The decedent used a walker with four wheels, brakes, and an attached chair, commonly known as a rolling walker, or rollator. The chair is attached to the rollator so if the user gets tired, he can sit down and take a break. We showed that this type of rollator is not designed to be used as a wheelchair or to transport someone. The safety instructions for all rollators clearly indicate that no one should attempt to push the rollator while someone is sitting in the seat, and the various manufacturers warn that using the rollator as a wheelchair or to transport someone “may result in serious injury or death.”
We contended that the caregiver either knew or should have known these basic safety warnings and instructions. If she did and ignored them, she was guilty of gross negligence or intentional misconduct. If she didn’t know the danger of misusing the walker, she was negligent. Either way, we argued, she and the agency that employed her were liable for the decedent's death.

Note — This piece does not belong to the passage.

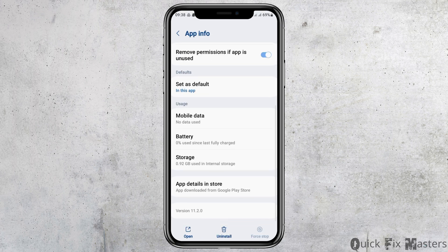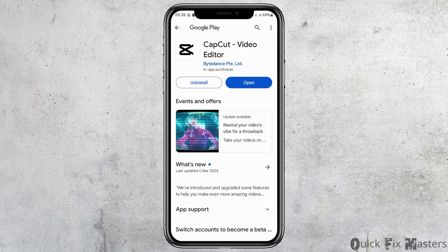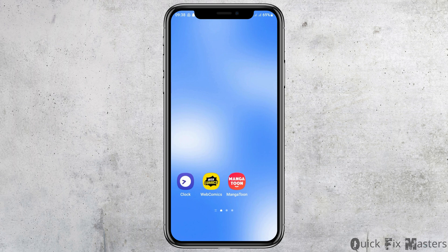After that, go back again and go to the option of app details in store. After tapping on app details in store, if you see any update option, you have to update your application from there. After you update your application, you can open it and you can see that your problem has been solved.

In prosecuting the claim, we also developed evidence that the caregiver had not been properly screened or trained by the agency, despite a YouTube video we located in which the agency said it provided "the most highly trained and qualified caregivers in the industry." In another video we found, this one posted on a job website, the agency's owner stated that becoming a caregiver "doesn't require a significant amount of experience, training or education." The second video suggested that almost anyone could become a caregiver with no prior experience or training. With this evidence, we also asserted a claim against the agency for consumer fraud.
The wife died before the claim was settled. We settled the claim against the agency and caregiver on behalf of the adult children for $275,000.